Stored items:
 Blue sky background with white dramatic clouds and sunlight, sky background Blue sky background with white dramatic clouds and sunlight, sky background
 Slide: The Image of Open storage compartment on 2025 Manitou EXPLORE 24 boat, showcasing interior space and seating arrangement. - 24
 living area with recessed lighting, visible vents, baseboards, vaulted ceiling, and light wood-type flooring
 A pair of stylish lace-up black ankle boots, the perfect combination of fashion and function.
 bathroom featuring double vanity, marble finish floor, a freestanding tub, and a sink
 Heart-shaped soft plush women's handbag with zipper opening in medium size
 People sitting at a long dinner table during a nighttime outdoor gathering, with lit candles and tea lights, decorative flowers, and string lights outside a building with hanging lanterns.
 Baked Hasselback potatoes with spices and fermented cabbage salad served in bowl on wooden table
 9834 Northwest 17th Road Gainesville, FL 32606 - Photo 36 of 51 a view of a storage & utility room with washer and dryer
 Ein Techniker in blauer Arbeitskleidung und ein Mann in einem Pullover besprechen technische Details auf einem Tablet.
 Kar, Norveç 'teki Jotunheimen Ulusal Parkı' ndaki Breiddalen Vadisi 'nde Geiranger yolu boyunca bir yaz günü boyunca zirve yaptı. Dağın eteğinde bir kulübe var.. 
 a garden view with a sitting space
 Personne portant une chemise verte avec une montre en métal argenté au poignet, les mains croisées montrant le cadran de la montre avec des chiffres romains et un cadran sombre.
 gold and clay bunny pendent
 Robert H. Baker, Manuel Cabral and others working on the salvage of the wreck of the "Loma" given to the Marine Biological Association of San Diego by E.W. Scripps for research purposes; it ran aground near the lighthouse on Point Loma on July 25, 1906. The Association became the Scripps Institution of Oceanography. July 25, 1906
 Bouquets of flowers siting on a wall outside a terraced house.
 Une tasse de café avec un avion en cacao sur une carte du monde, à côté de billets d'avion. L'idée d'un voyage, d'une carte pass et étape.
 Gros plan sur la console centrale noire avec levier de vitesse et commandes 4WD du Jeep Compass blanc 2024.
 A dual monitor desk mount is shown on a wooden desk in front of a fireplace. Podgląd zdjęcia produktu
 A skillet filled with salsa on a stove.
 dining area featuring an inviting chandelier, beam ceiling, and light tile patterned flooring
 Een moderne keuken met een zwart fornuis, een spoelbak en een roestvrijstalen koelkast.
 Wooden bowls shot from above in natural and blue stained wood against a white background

Work to be completed:
Please return only the lines above, starting at the line that has "Une tasse de" and ending at the line that has "A dual monitor", keeping both and leaving each one unchanged.

Written response:
 Une tasse de café avec un avion en cacao sur une carte du monde, à côté de billets d'avion. L'idée d'un voyage, d'une carte pass et étape.
 Gros plan sur la console centrale noire avec levier de vitesse et commandes 4WD du Jeep Compass blanc 2024.
 A dual monitor desk mount is shown on a wooden desk in front of a fireplace. Podgląd zdjęcia produktu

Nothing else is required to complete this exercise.